## Data for the task
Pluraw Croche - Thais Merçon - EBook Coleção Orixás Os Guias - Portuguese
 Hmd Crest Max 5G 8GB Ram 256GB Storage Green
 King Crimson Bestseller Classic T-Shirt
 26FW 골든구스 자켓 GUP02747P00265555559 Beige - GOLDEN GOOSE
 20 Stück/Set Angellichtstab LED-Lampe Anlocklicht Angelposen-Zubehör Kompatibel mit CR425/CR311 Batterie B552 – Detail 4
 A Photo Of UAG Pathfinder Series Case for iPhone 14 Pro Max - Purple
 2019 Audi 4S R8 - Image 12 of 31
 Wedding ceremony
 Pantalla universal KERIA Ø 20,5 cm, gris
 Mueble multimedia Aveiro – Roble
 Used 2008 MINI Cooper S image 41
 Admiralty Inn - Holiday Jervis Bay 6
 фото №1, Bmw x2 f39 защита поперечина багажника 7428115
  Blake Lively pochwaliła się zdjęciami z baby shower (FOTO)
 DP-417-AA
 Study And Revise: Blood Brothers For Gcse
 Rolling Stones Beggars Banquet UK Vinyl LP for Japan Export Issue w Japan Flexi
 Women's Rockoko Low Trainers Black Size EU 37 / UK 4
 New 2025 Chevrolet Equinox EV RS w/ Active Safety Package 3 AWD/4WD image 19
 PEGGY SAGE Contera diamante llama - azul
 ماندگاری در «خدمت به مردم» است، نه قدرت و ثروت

## Your task
Take the material above and print all of it exactly.

## Answer space
Pluraw Croche - Thais Merçon - EBook Coleção Orixás Os Guias - Portuguese
 Hmd Crest Max 5G 8GB Ram 256GB Storage Green
 King Crimson Bestseller Classic T-Shirt
 26FW 골든구스 자켓 GUP02747P00265555559 Beige - GOLDEN GOOSE
 20 Stück/Set Angellichtstab LED-Lampe Anlocklicht Angelposen-Zubehör Kompatibel mit CR425/CR311 Batterie B552 – Detail 4
 A Photo Of UAG Pathfinder Series Case for iPhone 14 Pro Max - Purple
 2019 Audi 4S R8 - Image 12 of 31
 Wedding ceremony
 Pantalla universal KERIA Ø 20,5 cm, gris
 Mueble multimedia Aveiro – Roble
 Used 2008 MINI Cooper S image 41
 Admiralty Inn - Holiday Jervis Bay 6
 фото №1, Bmw x2 f39 защита поперечина багажника 7428115
  Blake Lively pochwaliła się zdjęciami z baby shower (FOTO)
 DP-417-AA
 Study And Revise: Blood Brothers For Gcse
 Rolling Stones Beggars Banquet UK Vinyl LP for Japan Export Issue w Japan Flexi
 Women's Rockoko Low Trainers Black Size EU 37 / UK 4
 New 2025 Chevrolet Equinox EV RS w/ Active Safety Package 3 AWD/4WD image 19
 PEGGY SAGE Contera diamante llama - azul
 ماندگاری در «خدمت به مردم» است، نه قدرت و ثروت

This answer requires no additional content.